Коммунистов не отталкивал, снисходил к ним, сердце их зрел, не принуждая к действиям христианским, молился за них, особенно за оказавших добро. Поминал на молитве гласно детей своих – заблудших по неразумию духовных чад. Комсомольца, считал, причащать нельзя.
На компромиссы не советовал идти, ибо это сеть, из которой не выйдешь. Молиться за всех велел, помянник читал постоянно, душу к каждому имени прилагая. В тюрьме всех благословлял как гонимых.
Говорил: от митрополита Сергия не отделяюсь, но и не подчиняюсь. Отделившихся с митрополитом Иосифом не одобрял, говорил: зло есть свою иерархию посвящать, зло против самой Христовой Церкви – разделять единство ее.
Добиваться легальности не считал нужным; было бы по совести христианской— вот и легальность. Сведения о смерти Патриарха принимал в изгнании только от верных свидетелей. По слухам поминать Патриарха за упокой, по канонам, запрещал. Начальником Церковного управления считал митрополита Петра, главою Церкви – Господа Иисуса Христа.
Печатается по изданию: «Молю о тех, кого ты дал мне…» Москва. Даниловский благовестник. 1991.
Монахиня Таисия (Арцыбушева). О Владыке Серафиме
В 11 часов я была у него. Он встретил меня серьезно, даже несколько сурово и с первых же слов стал отговаривать меня от исповеди ему.
Он сидел в кресле у стола, а я стояла рядом. «Я человек здесь случайный, – говорил он, – я могу не сегодня-завтра уехать.
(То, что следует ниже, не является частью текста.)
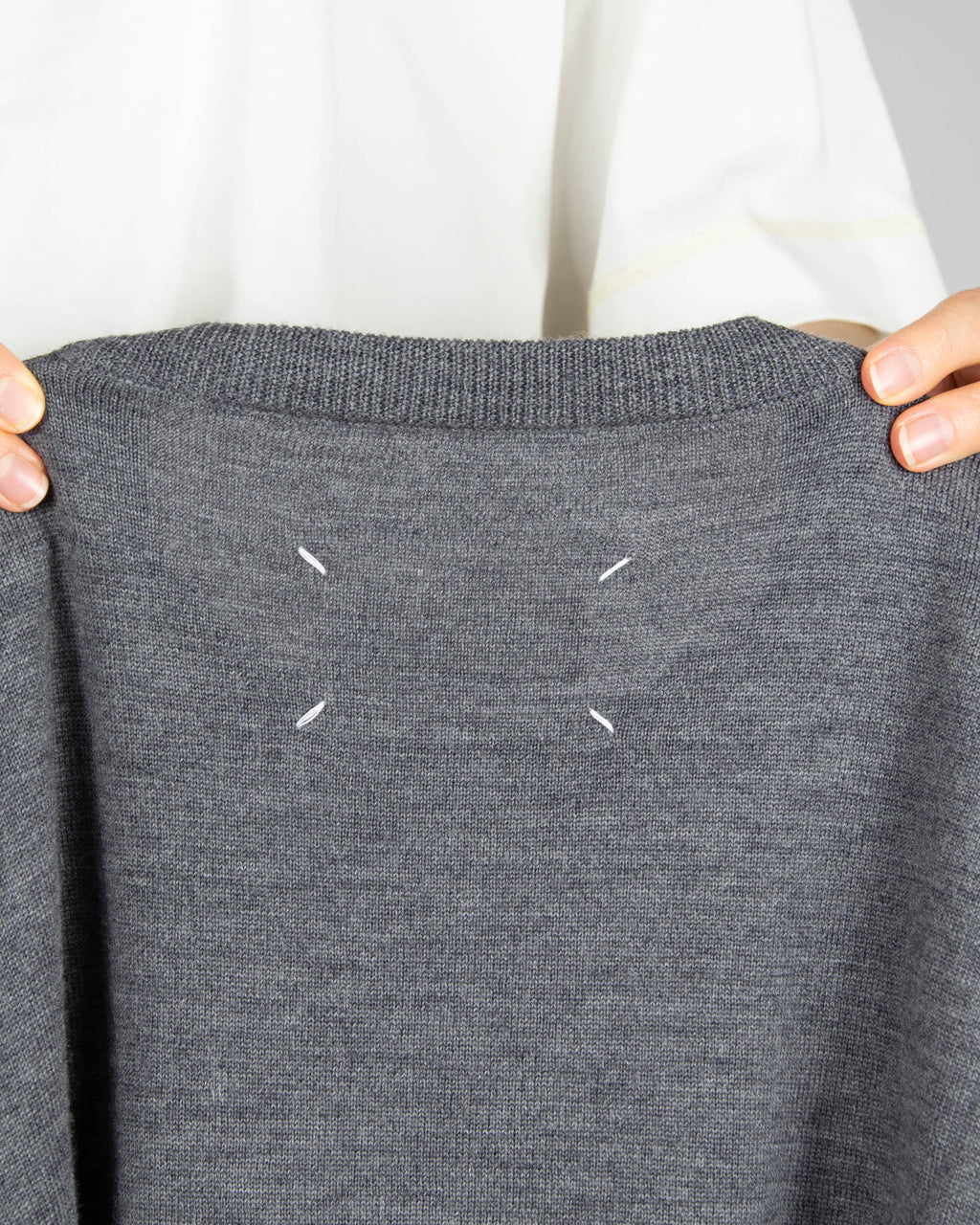 Grey and navy wool cardigan by luxury brand Maison Margiela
Какой будет для вас смысл от обращения ко мне?» Он говорил долго, наконец я сказала: «Ну что же, Владыка, прикажите мне уйти, тогда я уйду». Он быстро встал с кресла: «Грядущего ко мне не изжену вон, – произнес он с силой, – начинай исповедь».
Я исповедовалась полностью. Я рассказала все, что накопилось у меня на душе, всю мою внутреннюю борьбу последнего времени, с тоской о мире (о монашестве я ему сказала сразу), почему я чувствовала потребность в полной исповеди, о моем отношении к о. Серафиму и к о. Гурию. Рассказала и о внутреннем разногласии, идти ли к нему или нет. Когда я передавала ему об утреннем моем обращении к Царице Небесной с молитвой указать мне, идти ли мне к нему, Владыка прервал меня словами:
«И я тебе открою свои помыслы. Мне не хотелось тебя принимать. Сегодня, причастившись, я думал о тебе и тоже просил указания Божия и решил так: если ты меня дождешься в храме после Литургии, то я тебя приму, приму без оглядки, а если ты не дождешься, а просто придешь к 11 часам ко мне, то я тебе откажу». И еще сказал: «Я сразу понял, когда первый раз тебя увидал с о. Александром, что ты монахиня, и если бы ты утаила от меня, то я бы спросил при разрешительной молитве, как твое монашеское имя».
«Отчего же вы узнали это?» – спросила я. Он улыбнулся и ничего не сказал. После он часто говорил мне: «Сегодня причащаться ты подходила в шляпе, громадной шляпе с пером, я не хотел тебя причащать». Другой раз говорил: «Сегодня ты в мантии подходила, я на тебя радовался».
Владыка был в Дивеево ровно год и два месяца. Он мне разрешил бывать через день у него на домашней службе вечером. К Литургии до 8 ноября он ходил в храм, а с 8 ноября ему дали отдельную церковь, где он ежедневно служил Литургию почти уединенно. До февраля мне не было разрешено туда ходить, а с февраля 1927 года до дня его отъезда из Дивеева— 8 сентября того же года – я ходила к его Литургии ежедневно. К семи часам утра у него кончалась служба. Когда я приходила домой, дети еще спали. Мне это было очень удобно.